Julian se giró. A lo lejos, una nube de polvo se elevaba sobre la llanura. No era el viento. Eran vehículos rápidos, moviéndose con una coordinación que solo los mercenarios de élite o las unidades de fuerzas especiales poseían.

—Drones de reconocimiento en el sector norte —informó Elena, que había encendido un pequeño escáner de frecuencias que Omar guardaba bajo el tablero—. Nos han localizado por nuestra firma acústica. El camión es demasiado ruidoso para este silencio.

—Abandonamos el Berliet en el próximo desfiladero —ordenó Julian—. Omar, ¿cuánto falta para la entrada física?

—Tres kilómetros de escalada, señor Vane. A pie. Y el sol no va a perdonar a nadie.

El camión se detuvo bajo la sombra de un arco de piedra natural. Bajaron con la urgencia de quienes saben que el tiempo se ha convertido en su enemigo más letal. Julian cargó con la maleta de comunicaciones y la mochila de suministros; Elena se aseguró de que la carpeta de Aqueronte estuviera protegida contra el polvo. Omar, con su rifle al hombro, lideraba el ascenso por una senda de cabras que parecía conducir al fin del mundo.

La liturgia del agotamiento

La escalada fue un descenso a los infiernos de la resistencia humana. Cada paso en la roca suelta era un desafío para los pulmones saturados de aire caliente. Julian sentía el sudor escocer en sus heridas, un recordatorio punzante de que seguía siendo de carne en un mundo que lo quería convertido en datos. Elena, a pesar de su aparente fragilidad, se movía con una determinación que rayaba en lo patológico. Ya no era la mujer que bebía champán en los áticos de Manhattan; era un espectro de voluntad pura.

Se detuvieron en una cornisa natural, protegidos por un saliente de roca. Abajo, en el valle, vieron dos Jeeps de color arena deteniéndose junto al camión abandonado. Figuras oscuras bajaron de los vehículos, moviéndose con una eficiencia quirúrgica.

—Liquidadores —susurró Julian, observándolos a través de los prismáticos—. Los hombres de Thorne. No vienen a negociar.

Elena se sentó en el suelo, jadeando, con la espalda apoyada en la piedra caliente.

—Si entran en el Panteón después que nosotros, el sistema de seguridad los atrapará. Pero si nos interceptan antes de que abramos la puerta, Thorne recuperará el Reinicio Maestro y lo usará para consolidar su poder. No será un nuevo comienzo, Julian. Será el fin de la privacidad para siempre.

Julian se arrodilló frente a ella. Le tomó el rostro con sus manos sucias de tierra y pólvora.

—No nos van a interceptar.

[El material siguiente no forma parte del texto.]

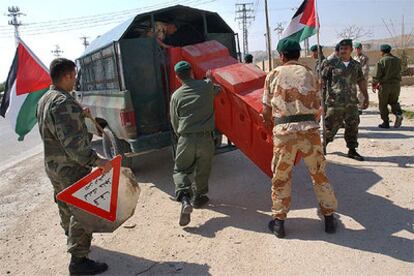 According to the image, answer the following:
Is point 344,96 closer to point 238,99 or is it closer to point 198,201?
point 238,99

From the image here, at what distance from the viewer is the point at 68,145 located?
3.07 m

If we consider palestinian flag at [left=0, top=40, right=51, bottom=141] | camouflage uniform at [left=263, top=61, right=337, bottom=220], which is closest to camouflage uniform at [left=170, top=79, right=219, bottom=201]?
camouflage uniform at [left=263, top=61, right=337, bottom=220]

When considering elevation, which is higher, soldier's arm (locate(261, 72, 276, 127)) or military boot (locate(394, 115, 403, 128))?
soldier's arm (locate(261, 72, 276, 127))

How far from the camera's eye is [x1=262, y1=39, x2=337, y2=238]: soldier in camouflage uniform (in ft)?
11.8

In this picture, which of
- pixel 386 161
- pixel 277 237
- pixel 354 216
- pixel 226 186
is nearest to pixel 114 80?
pixel 226 186

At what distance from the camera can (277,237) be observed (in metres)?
3.77

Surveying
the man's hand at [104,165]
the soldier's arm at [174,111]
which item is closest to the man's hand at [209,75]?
the soldier's arm at [174,111]

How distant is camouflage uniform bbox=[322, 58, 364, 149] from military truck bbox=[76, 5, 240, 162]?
5.93ft

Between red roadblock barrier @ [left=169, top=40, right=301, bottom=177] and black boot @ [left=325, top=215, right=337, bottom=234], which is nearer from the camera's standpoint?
black boot @ [left=325, top=215, right=337, bottom=234]

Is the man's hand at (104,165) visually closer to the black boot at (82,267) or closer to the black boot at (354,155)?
the black boot at (82,267)

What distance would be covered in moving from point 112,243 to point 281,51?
2600 millimetres

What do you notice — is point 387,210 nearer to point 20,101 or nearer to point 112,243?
point 112,243

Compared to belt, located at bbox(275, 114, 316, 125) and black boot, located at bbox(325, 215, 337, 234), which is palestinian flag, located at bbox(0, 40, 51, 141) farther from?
black boot, located at bbox(325, 215, 337, 234)

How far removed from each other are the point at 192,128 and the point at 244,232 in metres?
1.29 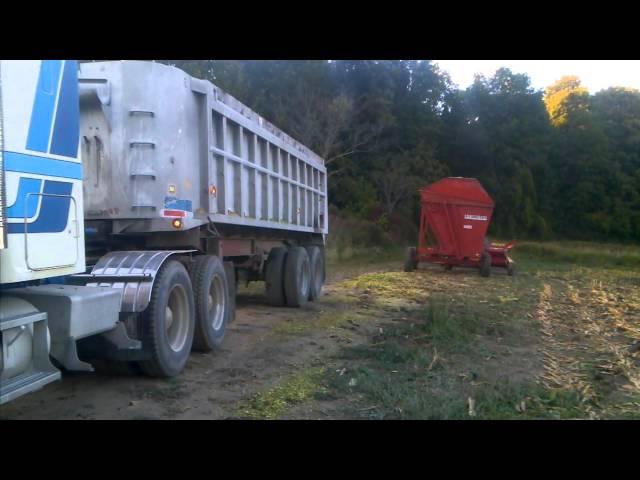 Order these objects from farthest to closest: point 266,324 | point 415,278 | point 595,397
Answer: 1. point 415,278
2. point 266,324
3. point 595,397

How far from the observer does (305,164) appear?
13125 millimetres

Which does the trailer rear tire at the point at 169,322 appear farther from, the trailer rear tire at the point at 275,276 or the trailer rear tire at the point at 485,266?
the trailer rear tire at the point at 485,266

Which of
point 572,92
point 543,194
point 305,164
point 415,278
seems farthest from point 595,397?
point 572,92

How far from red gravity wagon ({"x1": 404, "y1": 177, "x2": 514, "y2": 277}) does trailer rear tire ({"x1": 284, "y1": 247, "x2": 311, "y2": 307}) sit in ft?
29.3

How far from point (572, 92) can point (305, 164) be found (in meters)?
43.4

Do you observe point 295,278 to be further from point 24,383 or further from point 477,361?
point 24,383

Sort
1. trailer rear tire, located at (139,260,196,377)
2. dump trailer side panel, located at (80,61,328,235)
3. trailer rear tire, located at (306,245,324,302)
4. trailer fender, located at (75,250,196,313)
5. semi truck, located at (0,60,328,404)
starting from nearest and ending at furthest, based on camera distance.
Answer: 1. semi truck, located at (0,60,328,404)
2. trailer fender, located at (75,250,196,313)
3. trailer rear tire, located at (139,260,196,377)
4. dump trailer side panel, located at (80,61,328,235)
5. trailer rear tire, located at (306,245,324,302)

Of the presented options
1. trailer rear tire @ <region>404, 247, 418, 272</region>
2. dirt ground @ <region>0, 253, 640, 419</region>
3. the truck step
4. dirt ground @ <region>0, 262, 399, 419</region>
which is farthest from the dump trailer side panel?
trailer rear tire @ <region>404, 247, 418, 272</region>

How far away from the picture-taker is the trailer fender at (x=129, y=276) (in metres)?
5.78

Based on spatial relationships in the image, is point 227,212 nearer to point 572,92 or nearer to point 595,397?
point 595,397

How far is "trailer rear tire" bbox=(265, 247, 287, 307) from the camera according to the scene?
11961mm

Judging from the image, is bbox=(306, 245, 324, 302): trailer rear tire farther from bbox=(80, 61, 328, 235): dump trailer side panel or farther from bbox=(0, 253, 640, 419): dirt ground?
bbox=(80, 61, 328, 235): dump trailer side panel

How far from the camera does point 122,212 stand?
22.0 ft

Porque Madeline Vane me enseñó una cosa sobre la guerra: cuando no puedes ganar por fuerza, tienes que ganar por geografía.

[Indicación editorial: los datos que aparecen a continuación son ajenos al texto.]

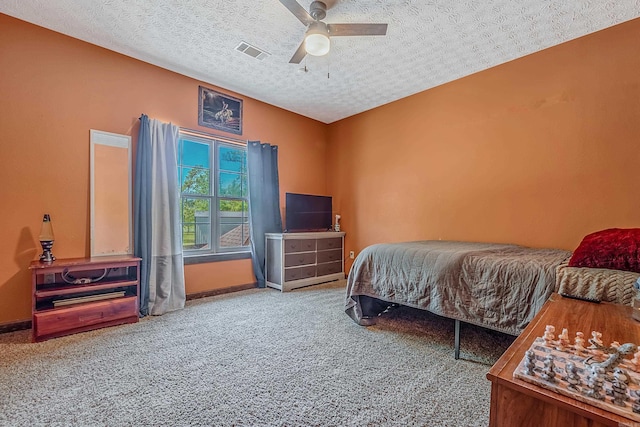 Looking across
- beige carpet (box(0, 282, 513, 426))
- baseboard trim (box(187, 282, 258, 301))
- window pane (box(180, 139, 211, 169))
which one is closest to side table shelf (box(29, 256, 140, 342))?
beige carpet (box(0, 282, 513, 426))

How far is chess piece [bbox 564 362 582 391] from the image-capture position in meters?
0.75

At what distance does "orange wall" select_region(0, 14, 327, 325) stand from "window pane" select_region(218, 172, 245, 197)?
1.02 meters

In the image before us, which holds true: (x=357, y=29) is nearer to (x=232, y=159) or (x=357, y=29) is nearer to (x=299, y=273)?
(x=232, y=159)

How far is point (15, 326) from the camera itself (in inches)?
101

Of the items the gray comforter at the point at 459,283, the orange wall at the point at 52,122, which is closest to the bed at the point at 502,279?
the gray comforter at the point at 459,283

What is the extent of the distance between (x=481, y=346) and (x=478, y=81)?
9.67 feet

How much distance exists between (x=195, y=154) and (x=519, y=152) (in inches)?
154

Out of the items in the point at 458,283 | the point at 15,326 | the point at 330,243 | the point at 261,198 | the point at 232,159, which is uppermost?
the point at 232,159

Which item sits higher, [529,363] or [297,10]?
[297,10]

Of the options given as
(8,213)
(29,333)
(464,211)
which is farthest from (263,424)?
(464,211)

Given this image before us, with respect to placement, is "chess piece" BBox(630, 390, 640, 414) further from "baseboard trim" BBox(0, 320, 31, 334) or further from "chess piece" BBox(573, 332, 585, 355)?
"baseboard trim" BBox(0, 320, 31, 334)

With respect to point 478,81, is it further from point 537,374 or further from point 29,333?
point 29,333

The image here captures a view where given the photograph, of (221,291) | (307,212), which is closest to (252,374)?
(221,291)

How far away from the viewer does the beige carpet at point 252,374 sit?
4.87 ft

En ese momento de vulnerabilidad extrema, rodeados por el silencio de la montaña y la inminencia de la captura, se buscaron con una urgencia que no tenía nada que ver con el deseo y todo que ver con la supervivencia del ser. Se besaron, un intercambio de aliento salado y sabor a metal, confirmándose que seguían siendo los autores de su propio destino. La pasión, en el capítulo 35 de su historia, se había convertido en un ancla.